O percurso desta trama e aventura, se passa na busca por este raio principal, já dizia o filósofo Heáclito: “O raio governa todas as coisas que são”. O interessante que a grande maioria dos personagens impõe sua forma peculiar, em um cenário místico próprio da obra de Hesíodo, dando espetacular relevo aos mitos gregos, como por exemplo, as cenas em que aparecem as  figuras ou imagens da Hidra, e do olhar  mortal e petrificador da sensual Medusa.

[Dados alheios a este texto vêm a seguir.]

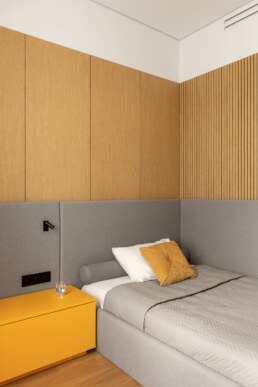 Дитяча спальня із сірим м&rsquo;яким ліжком і жовтою тумбою / Child&rsquo;s bedroom with a gray upholstered bed and yellow bedside cabinet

Levando adiante as Teses de Hume: 
a Teogonia de Hesíodo, 
e sua releitura no filme do diretor Chris Columbus

Ora, retomemos o percurso: em uma primeira oportunidade nos deparamos com a filosofia de David Hume, e uma tentativa de demonstrar através de análise de exemplos, que o filme Percy Jackson e o Ladrão de raios, baseado no livro de Rick Riordan, e a obra clássica Teogonia a origem dos deuses de Hesíodo, principal referência para as figuras do imaginário da mitologia grega, apresentam, contudo, um fio condutor entre eles. Isto nos daria abertura para um diálogo entre metafísica, a partir do tema da imaginação, e as figuras  da imaginação apresentadas nos mitos e reelaboradas no filme o Ladrão de Raios, de 2010.

Nossa inclinação é indicar que as afirmações de David Hume de que as figuras da imaginação associam de uma forma ou de outra elementos, características, da experiência sensível, é um de nossos principais pontos de partida para a abordagem aqui desenvolvida. Podendo, a atividade da imaginação, aumentar, associar, diminuir, caricaturar, como própria dinâmica do pensamento, os dados fornecidos pelos sentidos. Tomando sobretudo como referências os elementos ou fenômenos da natureza tornadas divindades na obra de Hesíodo, e que o filme em questão dá relevo e importância, por exemplo nas figuras de Poseidon, referente aos mares, e Zeus, referente ao raios.

É nesta direção que vale a pena articular algumas noções acerca do tema da imaginação na filosofia de David Hume, para a qual a principal constatação em relação ao conhecimento é exatamente a pergunta:  “What impression that Idea is derived?” Isto é, de que impressão esta idea é derivada? Assim encontramos no Tratado da Natureza Human de Hume. É este o problema filosófico primordial que nos conduziu por todo este percusso de reflexão.